2. Different American mentality. Americans want the best, Americans want choices, Americans want it now. Someone with bone-on-bone knee arthritis living in daily chronic pain doesn't want to wait 5 years for a knee replacement (I heard that's the average wait in Canada). A friend's father flew from Canada to New York for his heart bypass that he paid with his own money because he didn't want to wait months and months for it and risk having another heart attack while he's waiting. I have struggled recently as one of the government health insurance groups has began to crack down on medications that are not listed on its formulary. An allergy sufferer who had been on the same medication for a very long time was trying to get refills. I write on the prescription, "intolerant to A." The pre-authorization was turned down. The insurance company only offered two choices of nasal spray: Drug A or Drug B. "But he's allergic to drug A!" says the grandmother (intolerant to the side effects most likely). Still can't get favored drug... Drug B it is, or nothing...

3. There will always be people who abuse the system and wastes tax-payer money. It already happens with Medicaid, I've seen it. Just one example from a universal-healthcare country: My uncle was in an accident in Norway and his hospital roommate, who was perfectly healthy, was there just because he wanted a "holiday." But it's okay, the government will pay for his holiday. People get ticked off when their tax dollars are misused. People aren't too crazy about how high taxes would have to go to provide universal healthcare. On another level, people will feel like they can go to the doctor for every sniffle or insect bite they get (trust me, I see it every day), because, hey, they're paying for it with their taxes. Never mind the fact that they are exposing themselves to more germs in overcrowded clinics...

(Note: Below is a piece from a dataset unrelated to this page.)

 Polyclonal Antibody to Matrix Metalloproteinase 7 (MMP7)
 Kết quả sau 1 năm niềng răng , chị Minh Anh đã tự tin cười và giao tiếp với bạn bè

4. Reimbursement for government-sponsored programs is horrible. I was talking with one of the other doctors who sees some of the same patients that I do and she says that we (healthcare providers) are only paid for one visit per patient per month, and it's not much of a payment to start with. Therefore, a patient can come back as many times in a month (i.e. follow-up for visit #2, mosquito bites for visit #3, runny nose for visit #4. cough three days later for visit #5 - trust me, this happens) and the provider is paid for the first visit only.

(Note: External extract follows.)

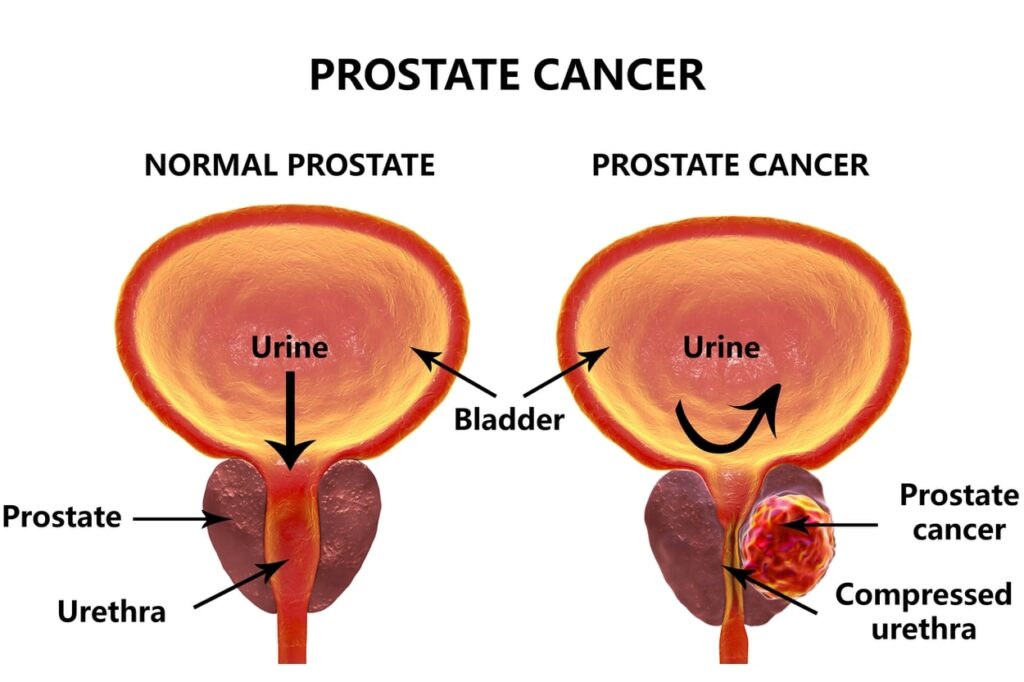 Diagram of normal prostate vs prostate with cancer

5. Many people don't trust the government handling healthcare. They have seen how efficient the government is handling other issues.

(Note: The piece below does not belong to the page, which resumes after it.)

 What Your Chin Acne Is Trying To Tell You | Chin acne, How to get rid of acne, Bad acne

6. There are some lifestyle issues that affect the cost of healthcare. People in the United States live differently. There's fast-food on every corner. We spend too much time in cars or indoors. We're overstressed. Other countries get 6 weeks of vacation a year. Poor lifestyle contributes to many chronic health problems such as diabetes, high cholesterol, arthritis, coronary artery disease, high blood pressure, and other problems. Chronic diseases are VERY expensive. A large percentage of people in the United States are overweight. Diabetes care (90% Type 2) used up 10% of government health spending in 2006. That's billions of dollars, and that will probably rise in the years to come. There's other cultural differences that can impact health and health costs.

7. Cost will still be an issue. Where will the money come from? The sponsored-insurance groups of my patients have seen some scary financial difficulty lately, but at least the Governator passed a bill recently that supplied more money. A temporary Band-aid.

8. Are people in single-payer healthcare system-countries satisfied with what they have? Many say no. Some countries are looking for other options. I heard that Canada passed a law making it illegal for Canadians to seek medical care in the United States. I don't have a source on that, but if it was really true...

So are universal healthcare and a single-payer system the main solutions to the United States healthcare problems? That's for the people to decide.

1 comment:

Mr. Hall said...

An excellent and insightful blog. Thank you for sharing. It is nice to get an opinion an observation from someone who has first-hand knowledge of the profession.